Tout le monde veut vous montrer les photos de ses enfants. Les hommes
dégainent leur portable encore plus vite que les femmes. J’ai vu des
photos de la plupart des enfants du personnel de mon hôtel. Mon
réceptionniste préféré, Ayman, a deux fils, dont l’une a la peau claire
et les yeux pâles. Mahmoud, le gardien barbu de l’hôtel, toujours
souriant, a trois fils, dont le plus jeune, me dit-il avec une fierté
mêlée d’un brin d’embarras, est « aussi joli qu’une fille ».

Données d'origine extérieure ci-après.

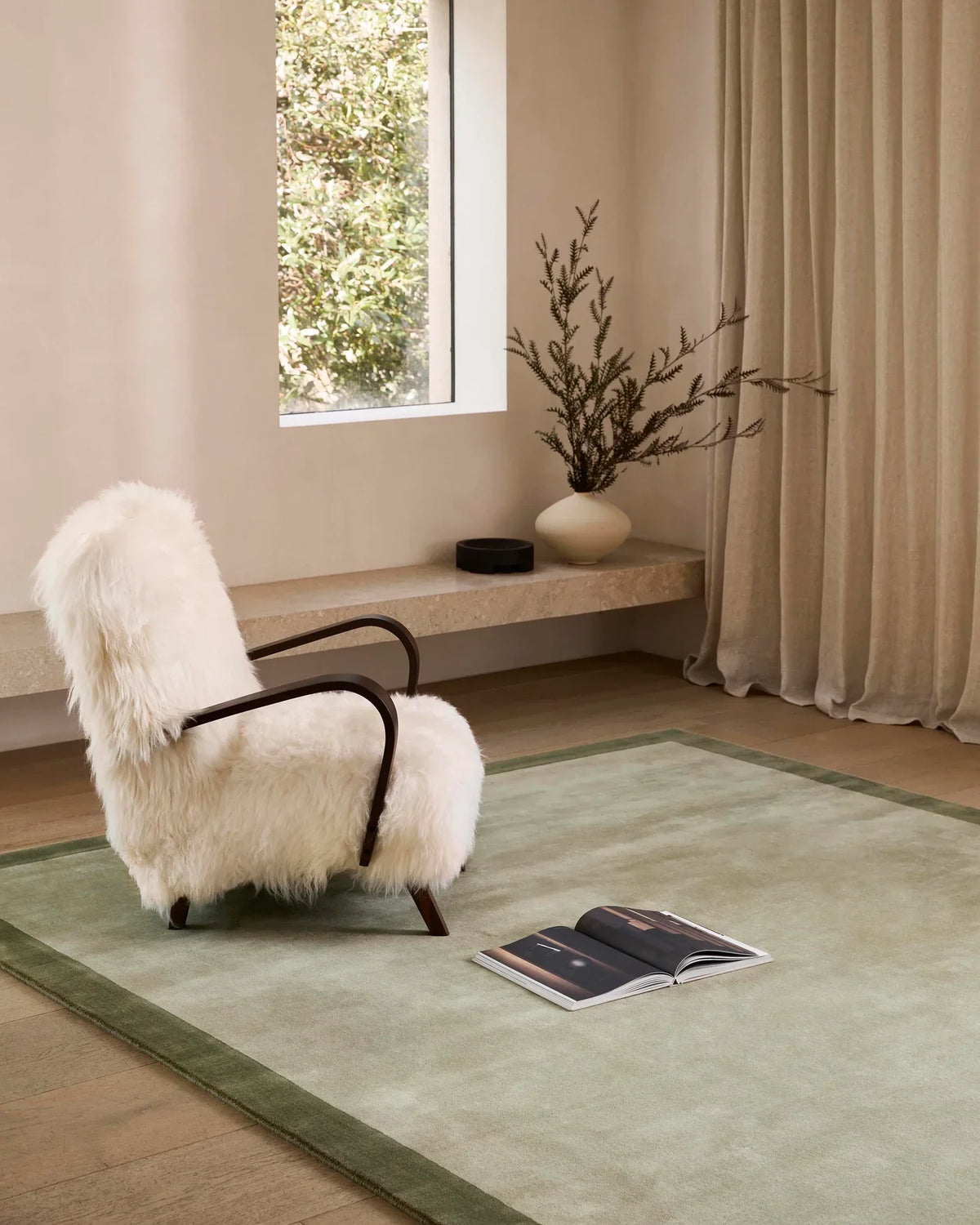 A handmade rug by Rugberry in an interior setting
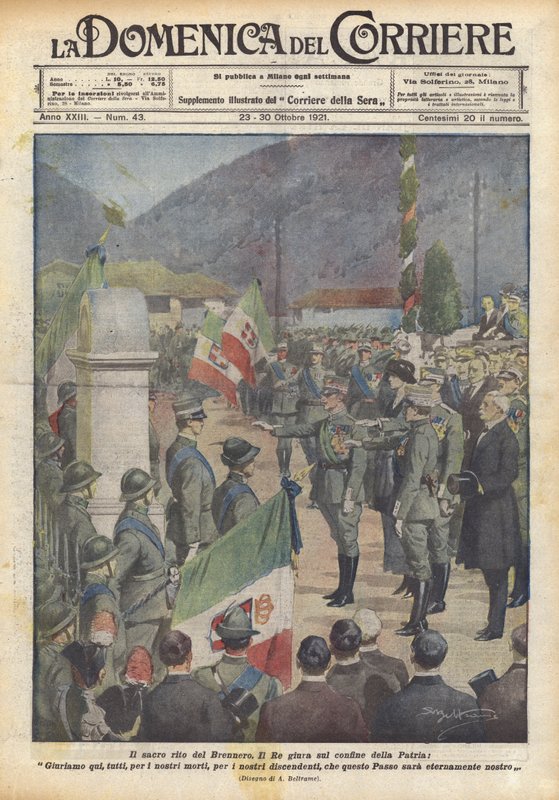 Posvátný obřad Brenner od Achille Beltrame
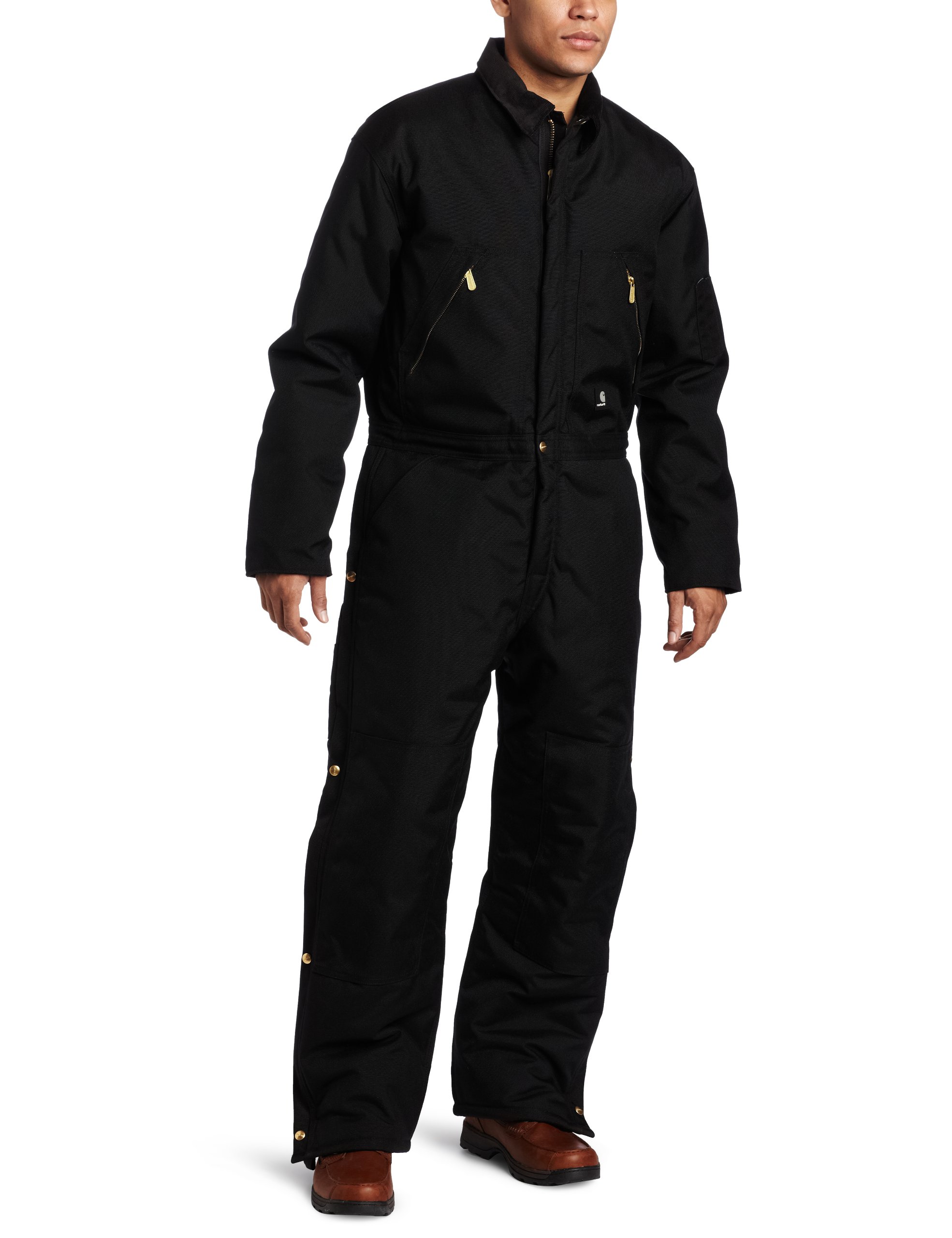 Carhartt Men's Arctic Quilt Lined Yukon Coverall X06 - Heavy Duty Insulated Work Jumpsuit for Cold Weather | Winter Construction, Farming & Outdoor Workwear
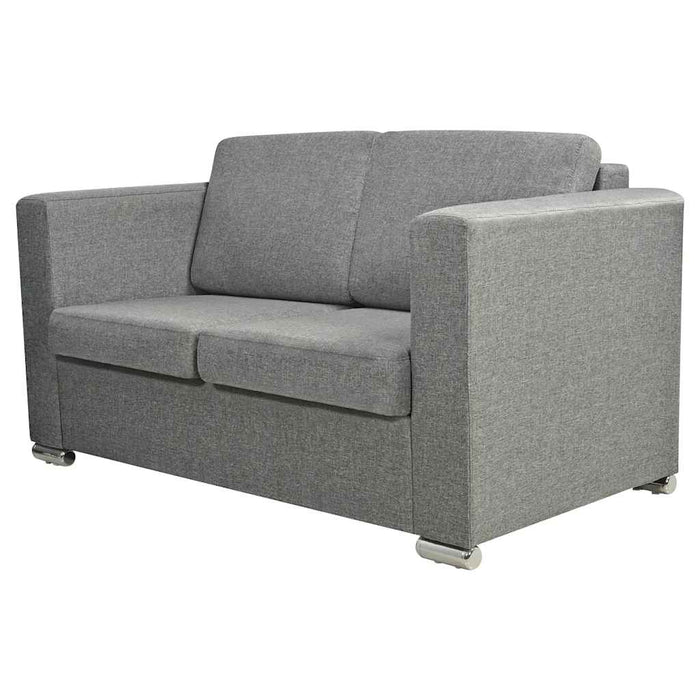 Set canapele, 2 piese, gri deschis, material textil - WALTI WALTI
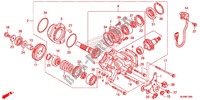 SIDE GEAR CASE for Honda SHADOW VT 750 AERO ABS GRAY 2014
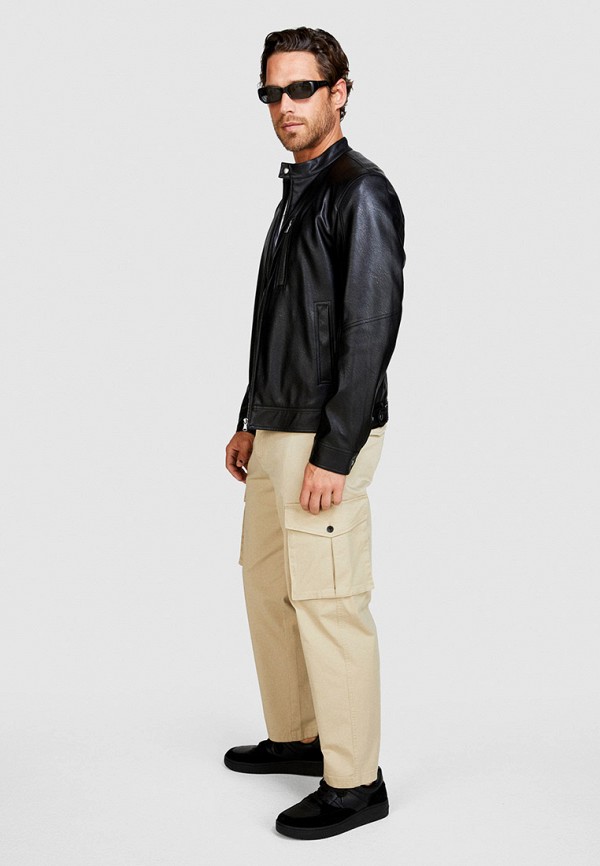 фото Куртка кожаная sisley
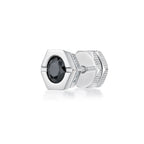 Hexagon Cubic Zirconia Stud Earrings
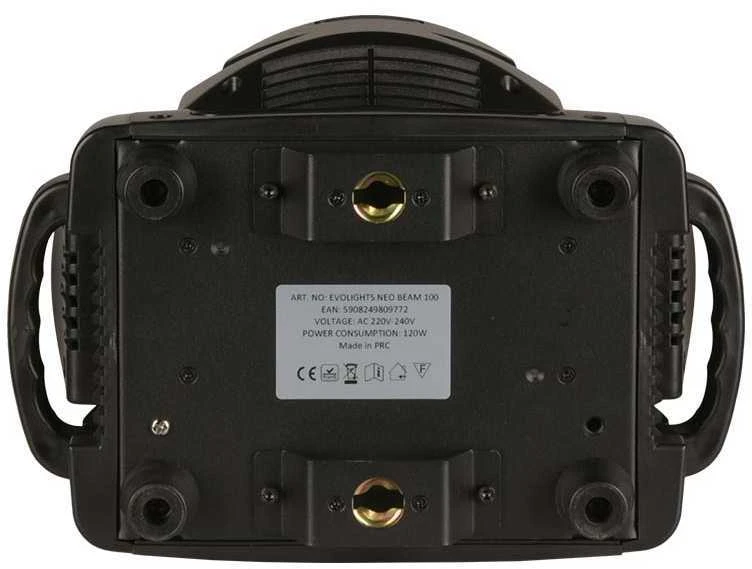 „Carruzzo EVOLIGHTS NEO BEAM“ 100 W LED judanti galva su šviestuvu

L'an dernier: des écoliers palestiniens jouent sur une plage de Gaza, à Deir al-Balah, le 24 octobre 2013. (AFP/Mohammed Abed)
On voit des enfants partout à Gaza. Ils se pressent autour de vous
dans les camps de réfugiés et les écoles gérées par l’Agence onusienne
pour les réfugiés palestiniens (UNRWA), où plus de 240.000 personnes ont
trouvé refuge dans une très grande précarité après avoir fui leur foyer
depuis le début des hostilités, le 8 juillet, entre le Hamas
palestinien et Israël.
Certains sont téméraires et curieux, tendant une main pour serrer la
vôtre, posant mille questions personnelles, sur votre famille, votre
pays. Dans une école de la ville de Gaza, deux sœurs ont fouillé mon sac
à la recherche de quelque chose pour jouer avant de battre des mains et
de chanter.
Des enfants palestiniens déplacés posent le temps d'une photo à Gaza City, le 26 juillet 2014. (AFP/Mohammed Abed)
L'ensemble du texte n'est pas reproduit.